To address the need for quantitative assurance of model reliability, research focuses on investigating the stability of ML approaches, particularly significant in IIoT applications enhancing our comprehensions, such as monitoring systems for anomaly, intrusions, and attack detection^{[13,15,20,21,26,27]}>. This importance becomes evident in scenarios requiring conclusive intrusion and attack identification.

Ⅲ. System Methodology

3.1 Model Stability Concerns

Model stability, a comprehensive concept impacting systems analysis, modeling, and control, spans various domains, encompassing diverse algorithms^{[13,16,17,20,21]}, notably complex dynamical networks. Initially introduced within the context of variable selection^[20], stability characterizes the sensitivity of algorithms to training dataset changes, which, if overlooked, can lead to erroneous inferences and unreliable model design^[28]. Various studies^[26] underscore that even the same algorithm can yield different variable subsets with varying training sets

Contrary to the CSI, the typical model validation metric, the population stability index (PSI) quantifies distribution changes in a variable over time or between two samples and enables tracking shifts in population characteristics, aiding in detecting possible model performance issues^{[16,19,24,25,29]}. CSI gauges the algorithm’s performance sustainability over time with varying data distributions, specifically examining feature importance rankings, ensuring the model can deliver dependable predictions amid changing conditions. It validates the model’s efficacy by quantifying the constancy of vital features across diverse scenarios.

Fig. 1.

Pipeline of the Characteristics Stability Index (CSI) for verifying the stability of data features for Intrusion Detection using Tree Algorithms

3.2 Characteristics Stability Index Model

In this study, the CSI assessed the stability of three representative predictive ML models for IIoT intrusion detection, focusing on data feature importance rankings. It measured the consistency of these rankings across different training iterations and dataset variations, ensuring robust relationships between features and outcomes. Moreover, it quantified feature stability amidst changing data, which is vital for reliable predictions in real-world scenarios. It offers quantifiable insights into model reliability over time and evolving data distributions, which is essential for practical applications. Fig. 1 is the pipeline flow of the CSI model.

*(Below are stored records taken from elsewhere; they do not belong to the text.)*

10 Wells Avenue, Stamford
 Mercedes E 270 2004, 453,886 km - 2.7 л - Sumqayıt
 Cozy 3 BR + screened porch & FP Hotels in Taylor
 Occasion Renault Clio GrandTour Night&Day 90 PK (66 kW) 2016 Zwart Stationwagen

The CSI evaluated the stability of representative ML intrusion detection algorithms using a numerical index to measure consistency across various data scenarios. Its standardized approach ensures a consistent evaluation process, avoiding subjective assessments and providing a clear benchmark for comparing algorithms. The CSI’s ability to introduce controlled perturbations and measure their impact identifies vulnerabilities, aiding in fine-tuning algorithms and improving stability. The feedback provided by the CSI is essential in making ML intrusion detection algorithms more reliable and resilient in real-world applications. The index provided by the CSI assesses and compares the stability of various intrusion detection approaches, contributing to selecting the most robust solutions. The CSI process includes documentation, enhancing reproducibility, and contributing to transparency and reliability. Decision-makers can use the CSI index to understand the algorithm’s reliability and make informed choices based on stability considerations. The CSI process is essential in providing a comprehensive stability assessment, ensuring more informed decision-making in deploying ML-based intrusion detection.

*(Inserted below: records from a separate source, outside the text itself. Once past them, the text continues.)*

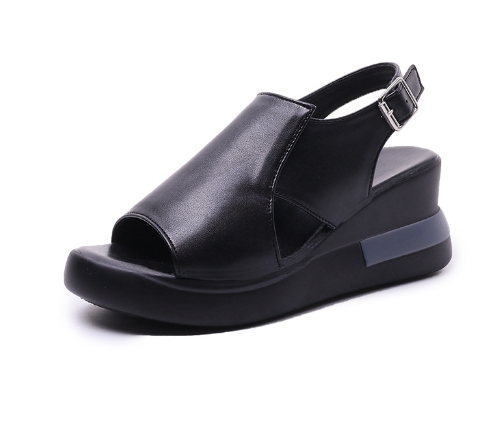 Sponge cake with thick sole and sloping sandals for women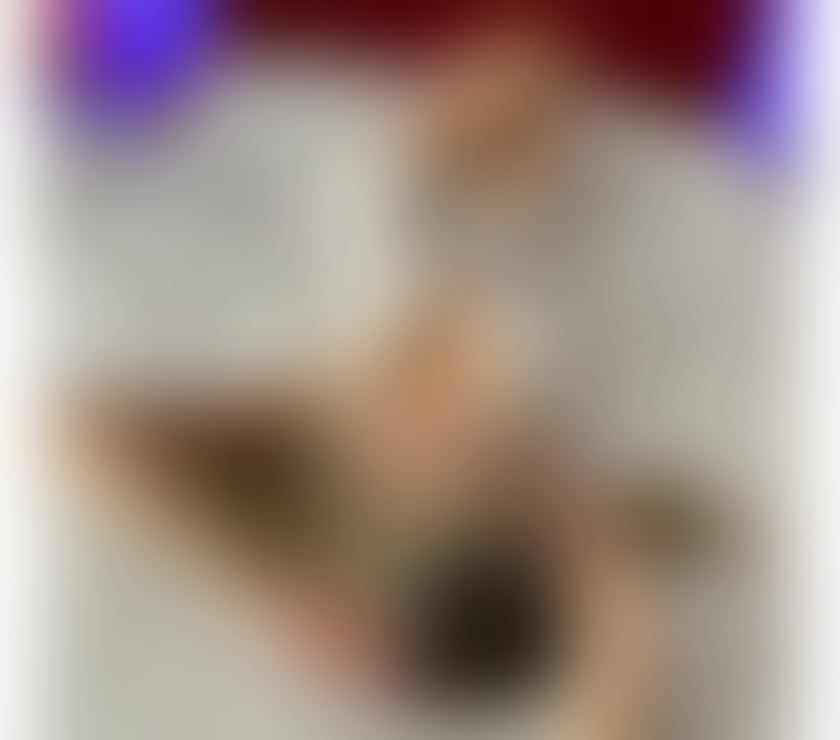 Escorts West Yorkshire Wakefield - Photos for Elegant Blonde, Irresistible Charm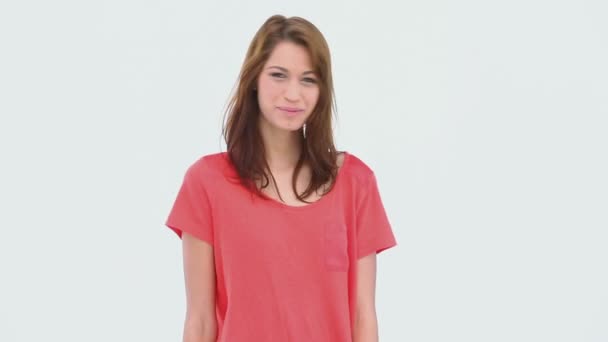Uśmiechnięta brunetka włosy kobiety stojącej — Wideo stockowe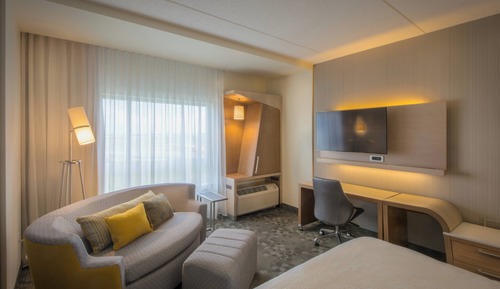Room, 1 King Bed, Hearing Accessible (Roll-in Shower)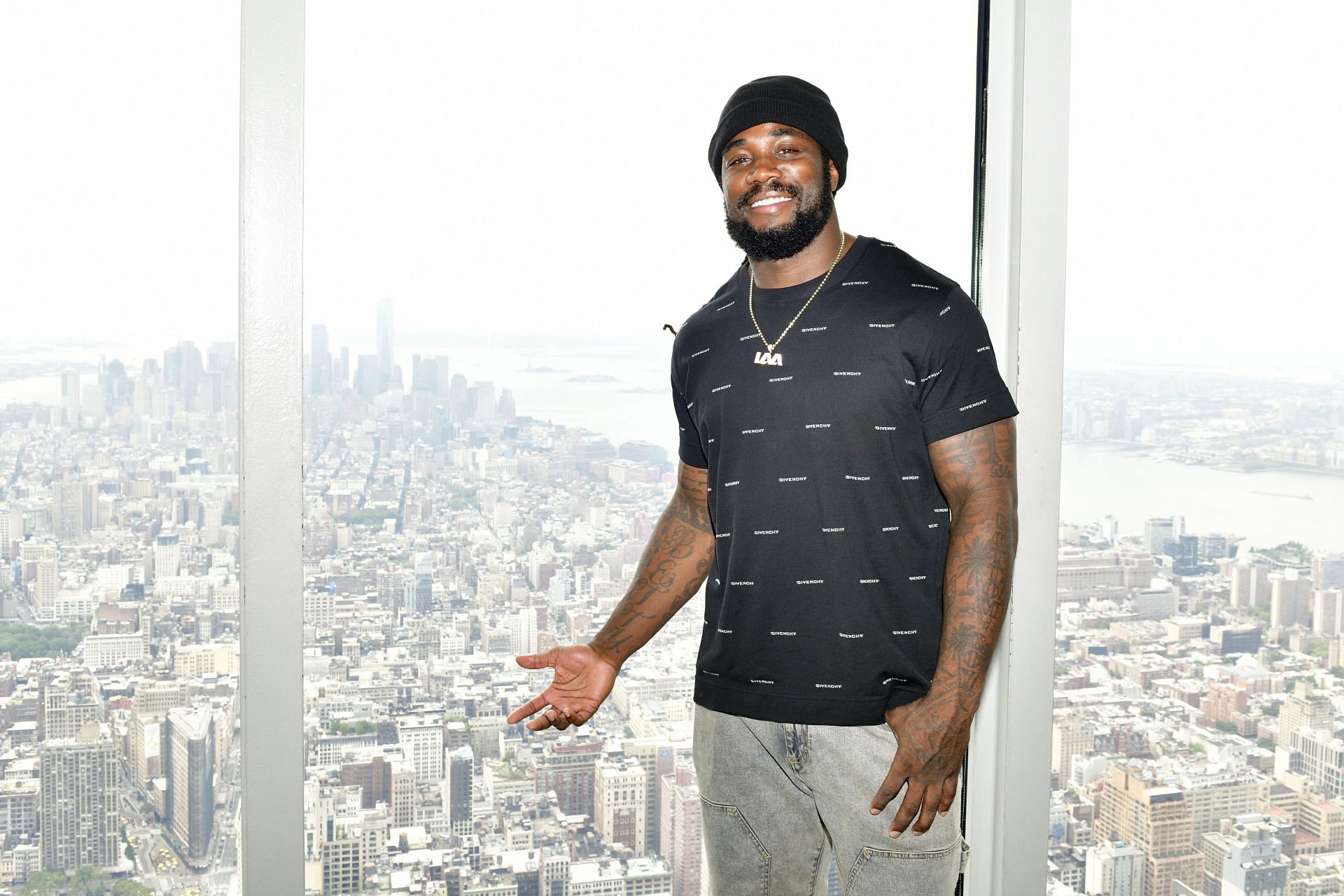 Dalvin Cook Visits the Empire State Building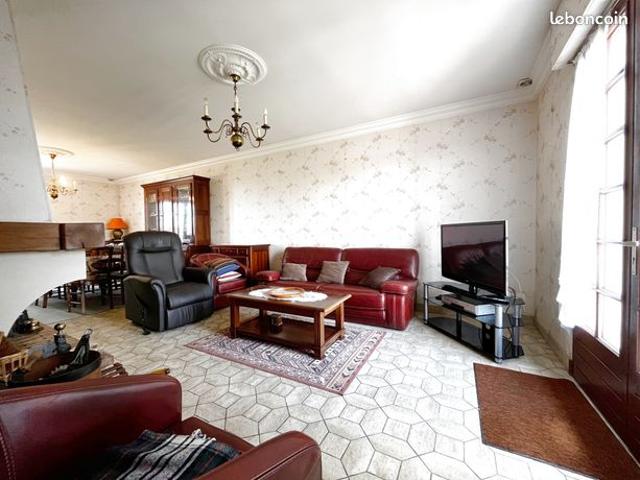 Maison vente à Issoudun, Ségry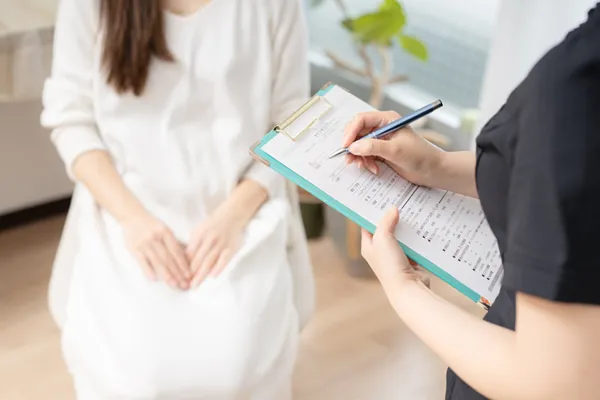 問診を受ける女性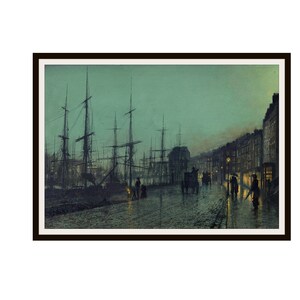 Puede incluir: Una impresión enmarcada de una escena nocturna del puerto. Los mástiles de los barcos se recortan contra un cielo turquesa. Una calle adoquinada conduce a edificios con ventanas iluminadas. Se ven figuras con paraguas y un carruaje tirado por caballos.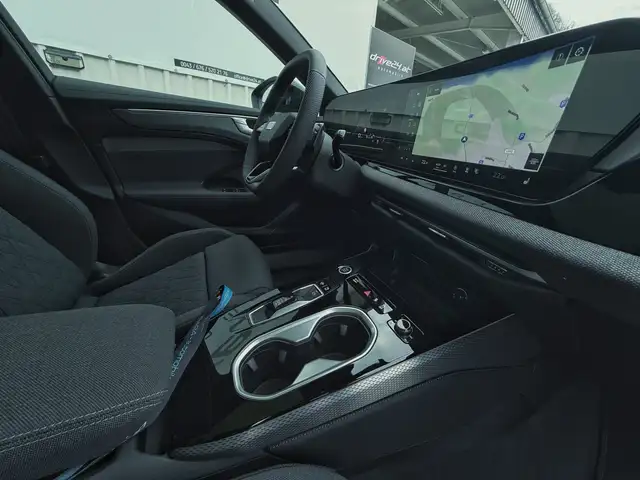 Audi A6 PANORAMA SLINE INT+EXT A6 MATRIX AHK STDHZ OPTIKPA Ansicht 14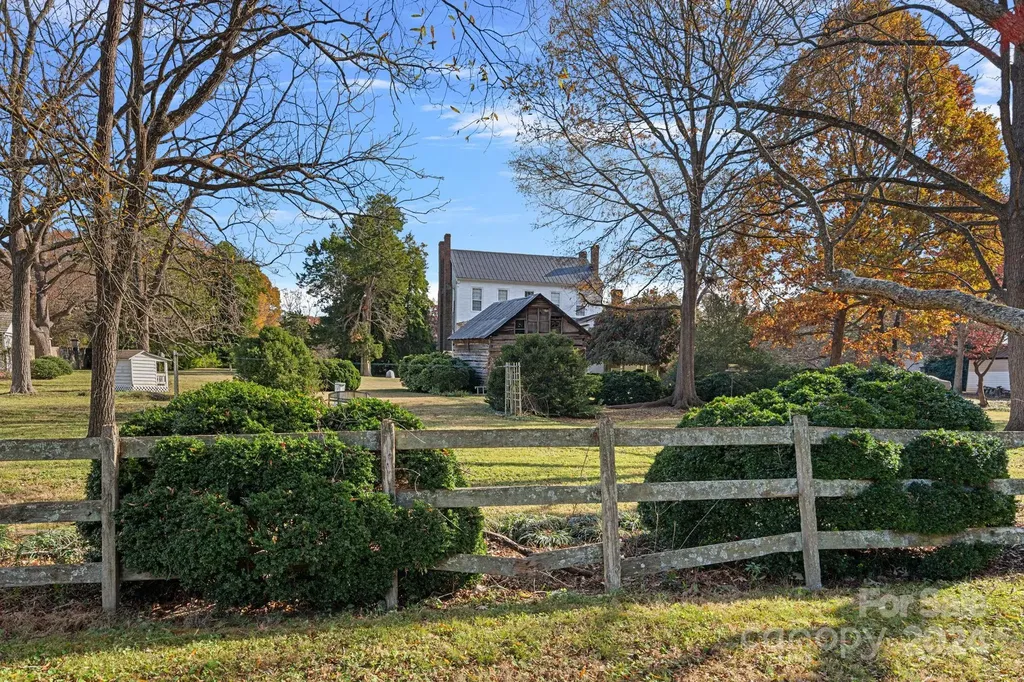 104 Leslie Loop Mooresville NC 28115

The systematic approach to the CSI process model assesses the stability of ML algorithms to ensure that the IIoT IDS models are robust and dependable across different training iterations and dataset variations. While the exact CSI calculation approach may vary depending on the specifics of the model and dataset, below is the pipeline for the CSI calculation:

1. Initial model training and feature importance calculation: Here, the ML model trains on the original dataset, then calculates each feature’s importance scores using a suitable method of choice.

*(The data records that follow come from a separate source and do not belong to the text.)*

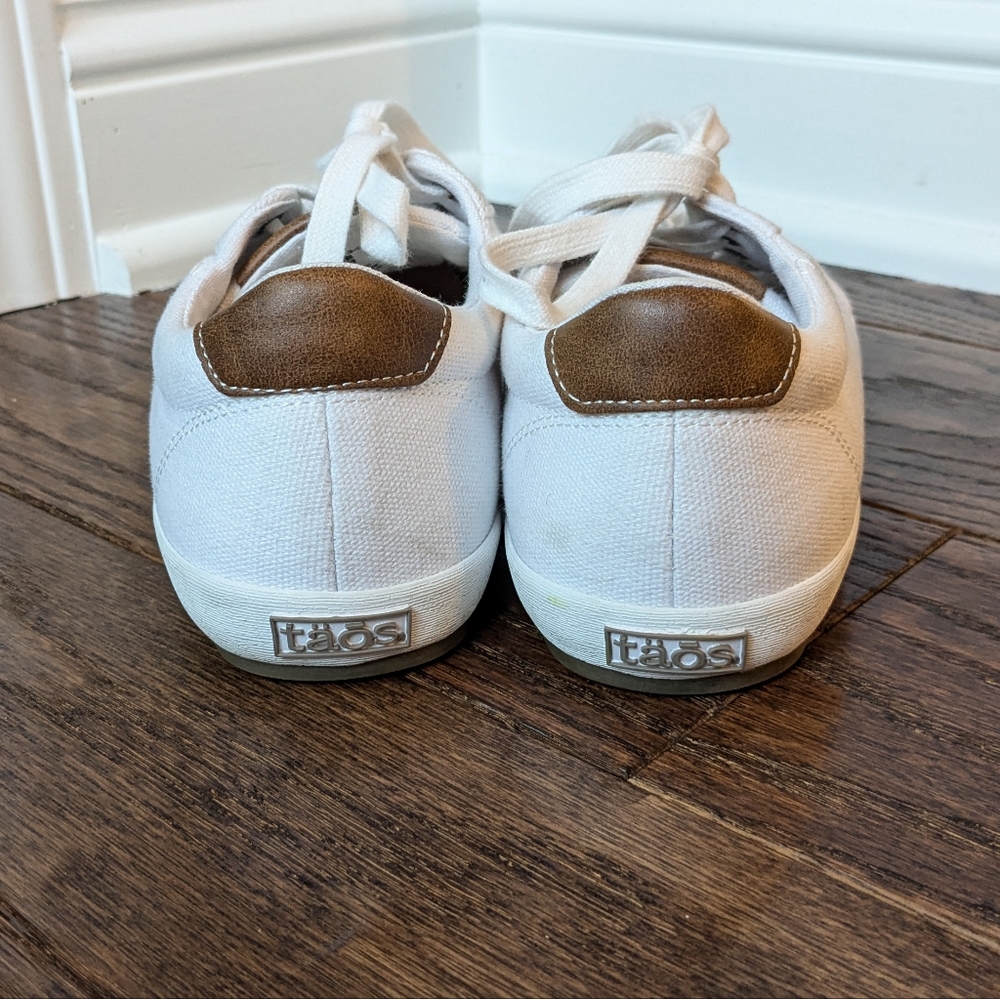 Taos Women's White Starburst Canvas Sneakers Size 7.5 - Picture 4 of 10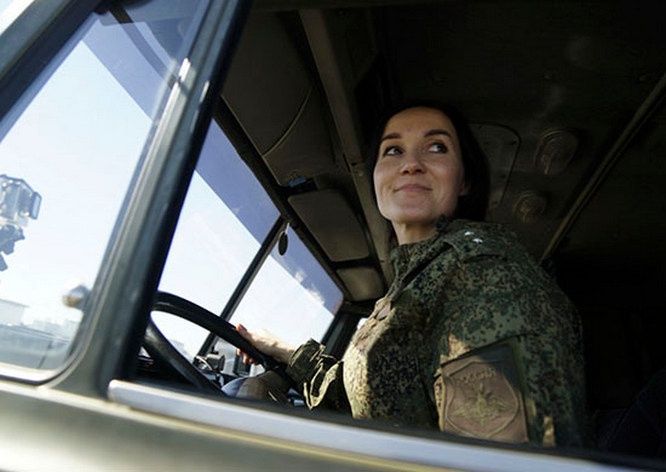 Экстремальное вождение в самых сложных условиях освоили и военнослужащие-женщины.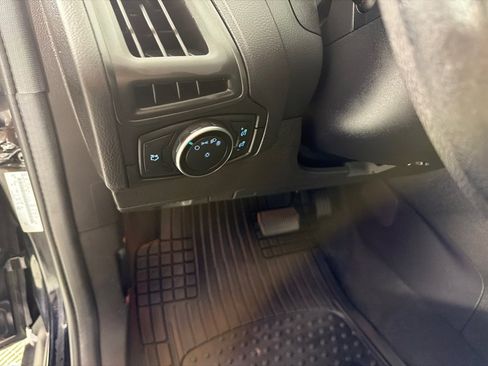 Used 2016 Ford Focus SE FWD image 11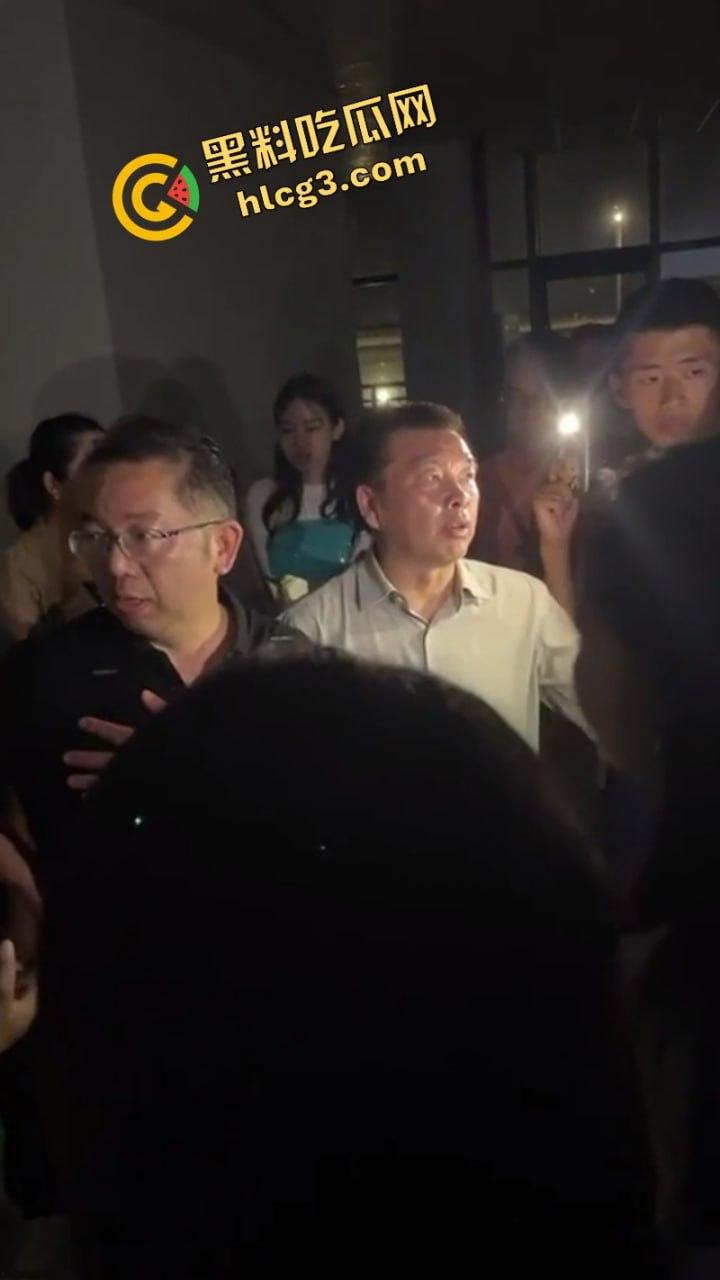 现场版黑社会？贵阳经济技术学校 强行让学生签转让书 不签直接开除学籍？  第8张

2. Generate variations: Variations of the training dataset are created by perturbing data points to stimulate variations in the data distribution.

3. Recalculate feature importance: Each variation of the training dataset retrains the same model and calculates each feature’s importance scores.

4. CSI calculation: The original model’s feature importance scores are compared and measured with the variations’ scores. The standard deviation measured the difference between the importance scores.

5. CSI value aggregating: Calculating the average of the differences by aggregating the differences calculated in the previous step across all variations gives the CSI value.

6. Setting threshold: Considering the intrusion and attack detection issue in IIoT, a CSI threshold value of 1 is determined to evaluate the stability of the process, specifically for anomaly detection purposes. where 1 represents stable.

7. CSI interpretation: Compare the calculated CSI value for each feature against the predefined threshold of 1. A CSI value of 1 indicates that the feature’s importance rankings are stable across variations and iterations, highlighting the stability of the feature’s importance rankings and suggesting the sensitivity of the model’s performance to changes in the data distribution.

8. Application of findings: The CSI values assess the stability of the models’ feature importance rankings, and the result enables informed decisions about the reliability and robustness of the model predictions under various conditions.

It is worth highlighting that the formulation and computations of the CSI can exhibit variability, contingent upon the method opted for gauging disparities in feature importance rankings. Furthermore, determining the appropriate threshold for acceptable CSI values should be informed by domain expertise and the particular demands of the application. Algorithm 1 summarizes the process of the CSI approach.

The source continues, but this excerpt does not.